PROVIDED DATA:

▼

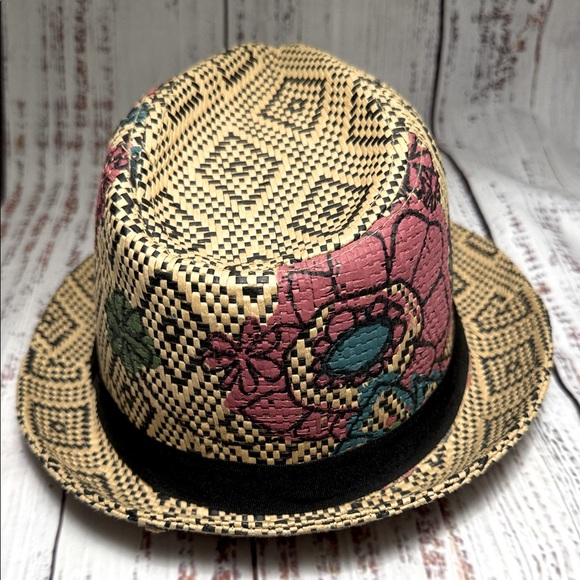 Roxy Woven Floral Patterned Fedora Hat - Picture 6 of 16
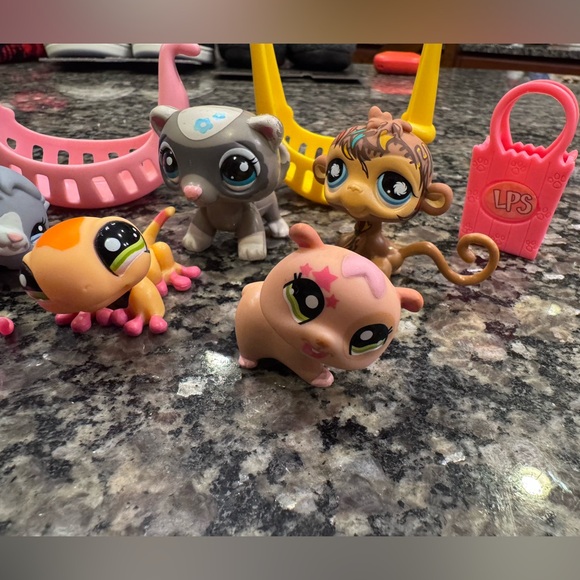 11 Piece Lot of Littlest Pet Shop (LPS) Pet Figures and Accessories - Picture 4 of 7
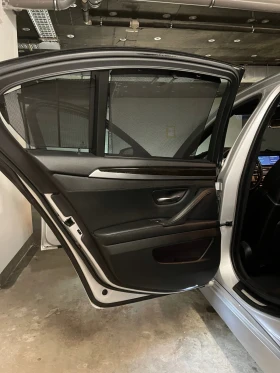 BMW 530 COMFORT/PANO/HEAD-UP/SOFTCLOSE/KEYLESS/DISTRONIC/, снимка 12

▲

WORK INSTRUCTIONS:
Please write out the material from the line containing "11 Piece Lot" to its final line, both inclusive, exactly as it appears; pictures are not part of the copy.

EXERCISE SOLUTION:
 11 Piece Lot of Littlest Pet Shop (LPS) Pet Figures and Accessories - Picture 4 of 7
 BMW 530 COMFORT/PANO/HEAD-UP/SOFTCLOSE/KEYLESS/DISTRONIC/, снимка 12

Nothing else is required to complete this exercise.